Data extracts:
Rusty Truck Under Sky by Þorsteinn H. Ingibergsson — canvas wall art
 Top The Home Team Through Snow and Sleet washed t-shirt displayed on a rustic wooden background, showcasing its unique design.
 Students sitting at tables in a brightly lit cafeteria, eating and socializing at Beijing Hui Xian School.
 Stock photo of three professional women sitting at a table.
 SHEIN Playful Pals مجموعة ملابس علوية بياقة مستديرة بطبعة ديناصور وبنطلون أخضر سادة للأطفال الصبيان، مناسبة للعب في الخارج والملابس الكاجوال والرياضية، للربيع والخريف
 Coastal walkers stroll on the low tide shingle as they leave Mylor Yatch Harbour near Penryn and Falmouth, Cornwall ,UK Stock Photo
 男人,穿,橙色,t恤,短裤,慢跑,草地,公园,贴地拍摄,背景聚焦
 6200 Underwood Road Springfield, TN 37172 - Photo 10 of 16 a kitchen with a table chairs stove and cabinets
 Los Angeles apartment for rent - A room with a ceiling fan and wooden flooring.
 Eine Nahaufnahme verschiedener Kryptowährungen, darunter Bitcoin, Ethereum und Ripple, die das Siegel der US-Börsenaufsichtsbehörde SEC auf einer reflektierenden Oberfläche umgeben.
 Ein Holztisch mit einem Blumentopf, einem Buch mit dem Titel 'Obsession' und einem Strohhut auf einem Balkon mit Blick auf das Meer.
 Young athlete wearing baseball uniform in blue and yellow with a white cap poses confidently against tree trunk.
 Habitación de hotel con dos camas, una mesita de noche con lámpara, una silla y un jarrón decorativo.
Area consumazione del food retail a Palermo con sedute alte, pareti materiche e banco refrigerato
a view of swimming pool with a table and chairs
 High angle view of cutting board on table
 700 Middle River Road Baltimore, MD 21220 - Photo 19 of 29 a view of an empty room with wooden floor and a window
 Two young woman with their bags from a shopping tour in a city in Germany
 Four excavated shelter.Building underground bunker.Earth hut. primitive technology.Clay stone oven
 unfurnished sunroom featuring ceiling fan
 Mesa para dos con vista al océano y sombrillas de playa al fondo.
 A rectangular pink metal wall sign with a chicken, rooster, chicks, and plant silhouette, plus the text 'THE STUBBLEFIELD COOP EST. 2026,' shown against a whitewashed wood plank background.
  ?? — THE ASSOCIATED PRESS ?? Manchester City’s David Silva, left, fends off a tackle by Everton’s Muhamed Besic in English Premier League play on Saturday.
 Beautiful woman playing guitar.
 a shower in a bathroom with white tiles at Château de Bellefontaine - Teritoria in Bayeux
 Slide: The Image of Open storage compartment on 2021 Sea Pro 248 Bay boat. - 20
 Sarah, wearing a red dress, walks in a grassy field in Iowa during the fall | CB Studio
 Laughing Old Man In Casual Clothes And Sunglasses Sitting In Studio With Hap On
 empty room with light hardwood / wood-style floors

Problem details:
All lines from the beginning of the listing through the one with "SHEIN Playful Pals" are to be restated word for word, and only those.

Task response:
Rusty Truck Under Sky by Þorsteinn H. Ingibergsson — canvas wall art
 Top The Home Team Through Snow and Sleet washed t-shirt displayed on a rustic wooden background, showcasing its unique design.
 Students sitting at tables in a brightly lit cafeteria, eating and socializing at Beijing Hui Xian School.
 Stock photo of three professional women sitting at a table.
 SHEIN Playful Pals مجموعة ملابس علوية بياقة مستديرة بطبعة ديناصور وبنطلون أخضر سادة للأطفال الصبيان، مناسبة للعب في الخارج والملابس الكاجوال والرياضية، للربيع والخريف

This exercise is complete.